Saudi Arabia will enter women athletes in the Olympics for the first time ever this year, even though clerics in the Islamic kingdom have repeatedly denounced women's participation in sports.

In this undated photo provided by Reema Abdullah, members of the Jeddah Kings United all-female team practice soccer in Jeddah, Saudi Arabia. The team is unofficial and unapproved. (Anonymous/ASSOCIATED PRESS)

Sports are just one of the activities that have historically been off-limits to Saudi women, who also cannot drive, marry, leave the country, go to school or open bank accounts without permission from a male guardian. Most of the country’s sports clubs and private gyms are closed to women.

To justify the ban, conservative clerics have, “put forward the ‘slippery slope’ argument that once women start to exercise, they will shed modest clothing, spend ‘unnecessary’ time out of the house, and have increased possibilities for mingling with men,” a recent Human Rights Watch report found.

The tide began to turn in April, when “the head of the kingdom’s General Presidency of Youth Welfare, the body that regulates sports in Saudi Arabia, said it would not prevent women from competing but that they would not have official government endorsement,” Reuters reported.

That same month, a Saudi girls’ school defied the ban “by erecting basketball hoops and letting pupils play at break-time.” In the comparatively liberal city of Jeddah, there are several female basketball and soccer teams, but they remain unofficial and are not allowed to compete internationally.

The Olympics decision followed pressure from the international community to allow Saudi women competitors, including numerous op-eds by policymakers and former Olympians calling for a reversal of the ban.

Saudi officials said the only female competitor ready for the games, which begin July 27, is showjumper Dalma Rushdi Malhas, the BCC reported. “But they added that there may be scope for others to compete and that if successful they would be dressed ‘to preserve their dignity’.”

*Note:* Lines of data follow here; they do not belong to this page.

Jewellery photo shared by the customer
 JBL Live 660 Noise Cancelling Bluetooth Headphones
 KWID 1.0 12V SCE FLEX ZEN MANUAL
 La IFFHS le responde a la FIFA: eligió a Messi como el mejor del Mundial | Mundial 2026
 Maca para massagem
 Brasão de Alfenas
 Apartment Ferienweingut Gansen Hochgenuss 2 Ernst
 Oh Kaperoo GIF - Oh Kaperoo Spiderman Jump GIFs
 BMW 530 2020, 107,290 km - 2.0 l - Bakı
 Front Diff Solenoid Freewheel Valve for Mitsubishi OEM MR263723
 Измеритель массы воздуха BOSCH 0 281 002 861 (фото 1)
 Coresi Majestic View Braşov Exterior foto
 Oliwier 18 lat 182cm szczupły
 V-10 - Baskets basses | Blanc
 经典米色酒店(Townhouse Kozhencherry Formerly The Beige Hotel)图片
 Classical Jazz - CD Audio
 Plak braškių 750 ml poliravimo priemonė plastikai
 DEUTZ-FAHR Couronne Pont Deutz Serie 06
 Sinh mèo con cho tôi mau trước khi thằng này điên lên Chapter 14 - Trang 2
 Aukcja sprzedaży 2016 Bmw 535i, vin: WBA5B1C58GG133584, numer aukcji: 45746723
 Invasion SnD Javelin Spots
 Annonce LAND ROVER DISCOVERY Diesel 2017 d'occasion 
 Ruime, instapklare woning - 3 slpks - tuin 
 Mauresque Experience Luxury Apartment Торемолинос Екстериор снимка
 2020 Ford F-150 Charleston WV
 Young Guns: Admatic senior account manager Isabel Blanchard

Qatar and Brunei have also prevented women from participating in the Olympics until this year, and both countries will send athletes to the London games. Three women will represent Qatar in London, including a rifle shooter, a swimmer and a sprinter.

This year, Brunei’s roster included one runner, Maziah Mahusin, who competes without a headscarf.

The International Olympic Committee has a history of harshly penalizing countries that don’t allow women competitors.

Because the Taliban prevented women from competing in sports earlier this decade in Afghanistan, the International Olympic Committee banned Afghanistan from competing in the 2000 Games in Sydney.